I. Knowledge has nothing to know. The insentient can never know, being insentient.

II. Therefore no one knows anything. All beings stand established as pure consciousness.


Ram:
 Vedanta establishes two factors in the creation, the self and the self as matter. They are called the sentient and the insentient, respectively. The insentient, the bodies, do not have chit, consciousness, although they have sat, they exist. Therefore they exist, but they do not know. Even the subtle body – the mind and intellect – which seems to know, doesn’t actually know, according to Vedanta. It is just an insentient mirror that reflects objects which then are illumined by the self and therefore known. There’s a beautiful verse in Atma Bodh that says, “When the self illumines a thought wave in the mind, knowledge is produced.”

But knowledge in this statement means the self, I think. It can mean there are no objects in a non-dual reality. If there are no objects, there is no subject. Without a subject and an object knowledge cannot take place.

Another way to see it is that the self doesn’t need to know anything, because knowing will not change who it is. It knows itself without the aid of instruments and this is enough for it. And since it is self-satisfied, self-fulfilled, it doesn’t need to function in a dual reality and therefore has no need for knowledge.

This is not to say that it is incapable of knowing objects. If it finds itself in its creation as an individual, it is certainly capable of wielding the means of knowledge, the senses, mind and intellect. But it has no need to do so. Limited beings – doers – need knowledge to function.

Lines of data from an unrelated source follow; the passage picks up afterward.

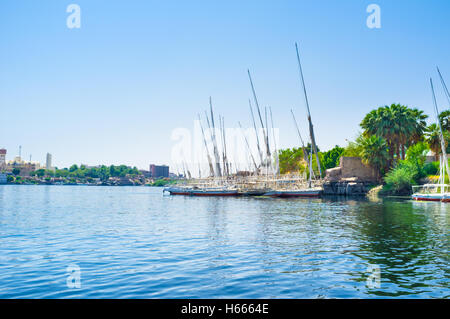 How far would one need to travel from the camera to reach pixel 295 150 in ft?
503

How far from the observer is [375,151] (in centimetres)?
8669

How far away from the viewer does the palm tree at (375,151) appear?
86.7 metres

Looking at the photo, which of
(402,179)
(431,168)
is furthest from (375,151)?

The statement “Therefore no one knows anything” is probably not the best way to express what I think he means. The problem with the statement are the words “no one.” If there is someone (I think he is referring to the jivas, the individuals) then they do have knowledge. In fact Vedanta says that every jiva is nothing but a certain kind of “special knowledge.” A tree, for example, has knowledge specific to its dharma. A bird has knowledge specific to its nature. Likewise with humans. So on the face of it the statement is not correct. But what I think he means is that this knowledge doesn’t “mean” anything – from the self’s point of view. It doesn’t mean anything, because the creation doesn’t mean anything. It just is. Knowledge doesn’t change what is. It only changes what seems to be, i.e. maya.


Frank:
 I hope your health is fine.


Ram:
 I got a nasty viral infection, but I also got a tremendous blast of shakti that pretty much did it in. It only lasted about three-and-a-half days and wasn’t nearly as bad as it could have been. It was a reaction to the trip – all the changes. I hear what you’re saying about the body. I’m glad I don’t have to work like you do.